A pharmacological framework for integrating treating the host, drug repurposing and the damage response framework in COVID-19

Abstract

With any new disease a framework for the development of preventative or treatment therapeutics is key; the absence of such in COVID-19 has enabled ineffective and potentially unsafe treatments to be taken up by governments and clinicians desperate to have options for patients. As we still have few therapies and nil vaccines yet available, the void of a clear framework for research and practice is increasingly clear. We describe a framework that has been used to prioritise therapeutic research in previous pandemics which could be used to progress clinical pharmacology and therapeutics research in COVID-19. This is particularly relevant as discussion has already moved on from antiviral therapeutics to delineating the treatment of the host from treatment and elimination of the infective agent. Focussing on the host brings together three concepts: host treatment, the damage response framework and therapeutic repurposing. The integration of these three areas plays to the traditional strength of pharmaceuticals in providing a period of stabilization to permit time for the development of novel antiviral drugs and vaccines. In integrating approaches to repurposing, host treatment and damage response we identified three key properties that a potentially effective repurposed drug must possess by way of a framework. There must be homology, i.e., the same or similar relation with the pathogenesis of the disease, ideally targeted to the conserved pathophysiological outcomes of the viral attack; there must be a defined locus within the spectrum to prevention to severe disease and the framework must draw upon the historical dose and safety experience of the repurposed drug.

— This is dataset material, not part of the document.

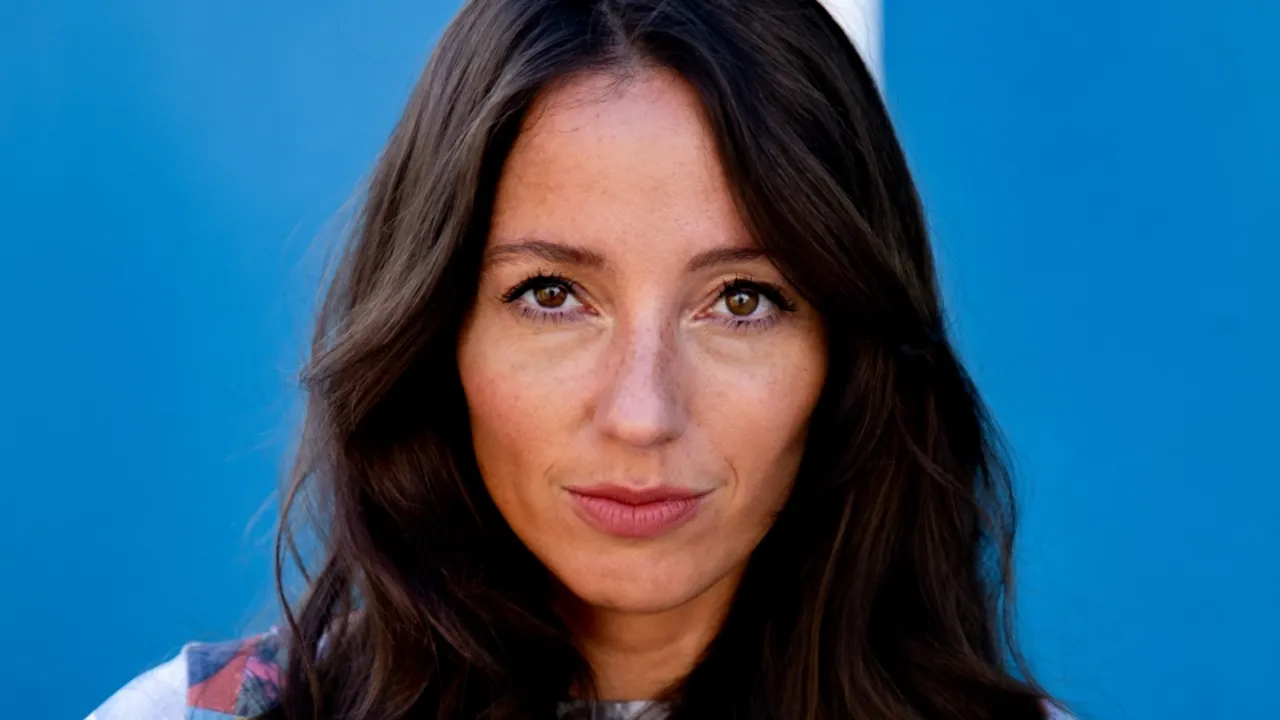 Illustratie voor: Wie is Anke de Jong uit Wie is de Mol 2023?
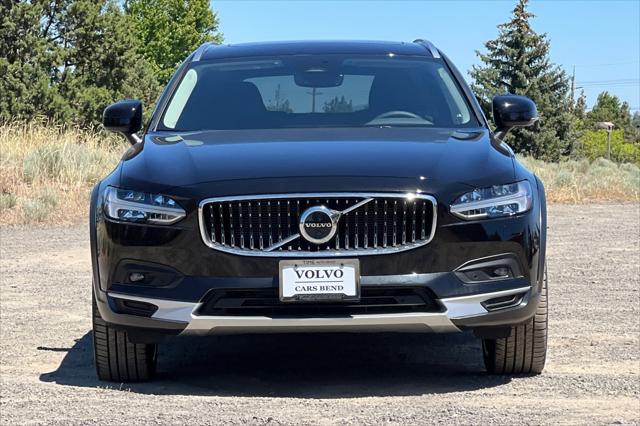 new 2024 Volvo V90 Cross Country car, priced at $64,720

To illustrate, we have mapped therapeutics that impact upon a key dysregulated pathway in COVID-19 - the renin angiotensin system - using this approach. Collectively this type of analysis reveals the importance of existing data (repurposed information and administrative observational data) and the importance of the details of the known pathophysiological response to viruses in approaches to treating the host.

Keywords: COVID-19; damage response framework; dose and safety; innate immune system; renin-angiotensin system; repurposing; target homology; treating the host.